Saved entries:
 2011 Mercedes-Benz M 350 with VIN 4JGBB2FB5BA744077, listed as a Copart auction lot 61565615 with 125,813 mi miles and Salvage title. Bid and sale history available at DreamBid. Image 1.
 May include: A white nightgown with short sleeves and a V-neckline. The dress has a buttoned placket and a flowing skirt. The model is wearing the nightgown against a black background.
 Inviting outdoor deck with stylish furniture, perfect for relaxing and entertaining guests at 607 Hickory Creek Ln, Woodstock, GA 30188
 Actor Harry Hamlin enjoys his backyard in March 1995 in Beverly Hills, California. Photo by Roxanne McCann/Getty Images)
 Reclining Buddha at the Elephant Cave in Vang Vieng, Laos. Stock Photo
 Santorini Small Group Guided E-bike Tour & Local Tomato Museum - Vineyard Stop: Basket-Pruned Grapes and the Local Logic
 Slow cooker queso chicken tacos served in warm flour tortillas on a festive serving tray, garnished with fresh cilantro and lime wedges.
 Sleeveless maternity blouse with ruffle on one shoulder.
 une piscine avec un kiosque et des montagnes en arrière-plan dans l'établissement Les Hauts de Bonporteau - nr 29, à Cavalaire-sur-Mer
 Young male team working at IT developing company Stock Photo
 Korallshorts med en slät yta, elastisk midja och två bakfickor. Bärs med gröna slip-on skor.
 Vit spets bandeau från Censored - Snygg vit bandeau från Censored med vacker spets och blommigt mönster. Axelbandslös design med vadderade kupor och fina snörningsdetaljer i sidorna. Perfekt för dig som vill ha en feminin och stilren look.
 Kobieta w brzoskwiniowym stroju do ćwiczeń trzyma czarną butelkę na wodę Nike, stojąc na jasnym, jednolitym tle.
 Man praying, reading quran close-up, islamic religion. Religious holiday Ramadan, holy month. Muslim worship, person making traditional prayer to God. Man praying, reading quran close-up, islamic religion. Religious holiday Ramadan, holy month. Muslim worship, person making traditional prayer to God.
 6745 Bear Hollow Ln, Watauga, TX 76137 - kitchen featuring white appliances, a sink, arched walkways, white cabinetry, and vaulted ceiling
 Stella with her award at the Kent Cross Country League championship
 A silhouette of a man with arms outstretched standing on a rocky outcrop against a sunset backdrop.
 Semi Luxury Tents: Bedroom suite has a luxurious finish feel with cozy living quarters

### Assignment
Filter the data, keeping only the lines that contain "against".

### Exercise response
 May include: A white nightgown with short sleeves and a V-neckline. The dress has a buttoned placket and a flowing skirt. The model is wearing the nightgown against a black background.
 A silhouette of a man with arms outstretched standing on a rocky outcrop against a sunset backdrop.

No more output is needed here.